Consider where all your data comes from, whether it’s audio, video, or documents. Is it structured or unstructured? Is it on multiple devices? In an eDiscovery situation, for example, even social media or vehicle data are possible targets for disclosure. All data, including data generated by a connected device or cloud service, needs protection (with permission management/access control if possible) as soon as it is created, just to be safe.

Data storage

It sounds obvious, but no matter what storage method you use (tape drives, SSDs, or NAS), securing that storage is a must. Backups prevent data loss and you should make sure your data restoration process is working before relying on them. It is also useful to regularly check the integrity of the backup.

Most jurisdictions hold companies responsible for protecting their data from accidental loss. Blaming hardware failures, or even natural disasters like flooding, is no excuse – an offsite solution is a requirement.
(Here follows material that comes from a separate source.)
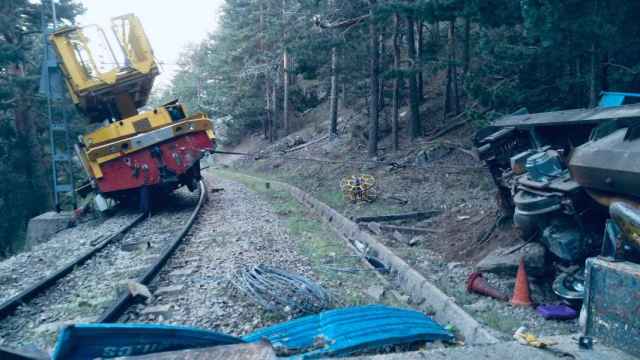 La dresina accidentada en Navacerrada.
Most security professionals recommend at least three backups, with one or more offsite.

Data usage

The use of data includes the processes of viewing, processing, modifying and saving. This includes big data (making sure to anonymize data where necessary for data privacy compliance). Now, creating anonymous data doesn’t stop with removing a person’s name, address, and phone number. It includes any combination of data inputs that can specifically identify a person. The fact that Citizen X is a Nashville music teacher, drives a Camaro, and enjoys panpipe renditions of “A Boy Named Sue” may be enough to identify a true identity.
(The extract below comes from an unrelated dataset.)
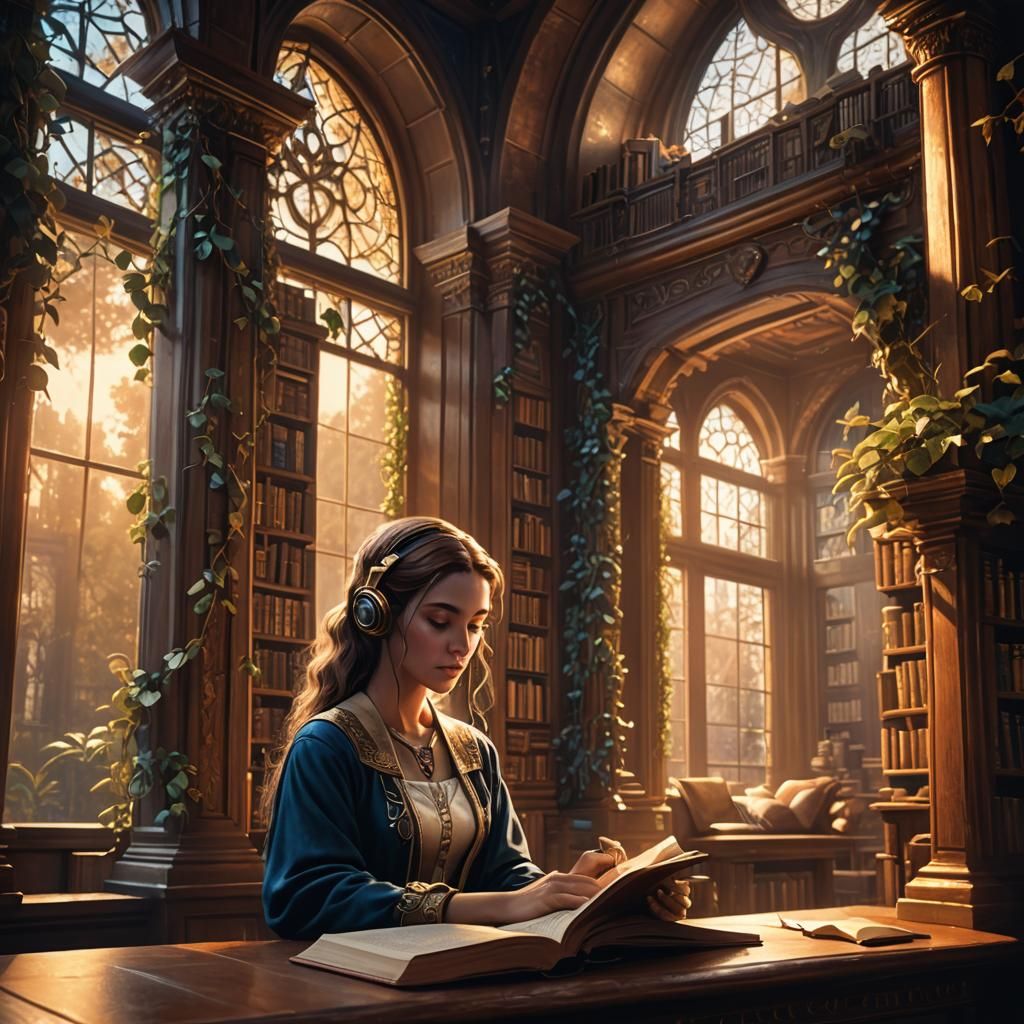 Girl Reading in Fantasy Library, Oil Painting Style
Another consideration is data collaboration, or data sharing, for all methods used. Given the myriad ways we share data (email, VoIP, cloud storage and many more), this is a problem for many businesses, especially when trying to preventing insider threats.

Data Archiving

Most organizations use archives to store older, rarely used data. They are secure but available for on-demand use. Again, regardless of the storage method, backups are essential and access control procedures apply.

Data destruction

A key part of the data life cycle. The moment when the data will be destroyed will depend on the jurisdiction and the legislation in force. For example, some jurisdictions require companies to retain accounting data for five years. Due to software licensing restrictions (software licenses are not transferred to new owners in most cases) and a wide variety of data recovery software solutions available, companies are no longer donating their computers. They can reuse older hardware by using it as a print server or NAS, or more generally arrange secure disposal of hard drives via degaussing or incineration. Professional data recovery can recover discs damaged by fire or watertherefore, it is a more secure approach that protects company data when decommissioning hardware.

Master the lifecycle of your data to improve data security

At least this general overview of the data lifecycle should help you appreciate the complexity and proliferation of data caused by our reliance on technology. Everything we connect to creates data. To secure the future compliance with industry standardsregulating data privacy and/or litigation protection, it’s time for companies to get a handle on data lifecycle management.

No two companies have identical processes because your data lifecycle will complement the business processes for your unique situation. But understanding your data lifecycle and all of its complexities is key to maximizing your cybersecurity efforts. By identifying all potential risks and reducing them, you can increase the security of your data. Is the effort worth it? Most would say yes.

The post office Master the lifecycle of your data to improve data security appeared first on IS Decisions Enterprise Network Security Blog.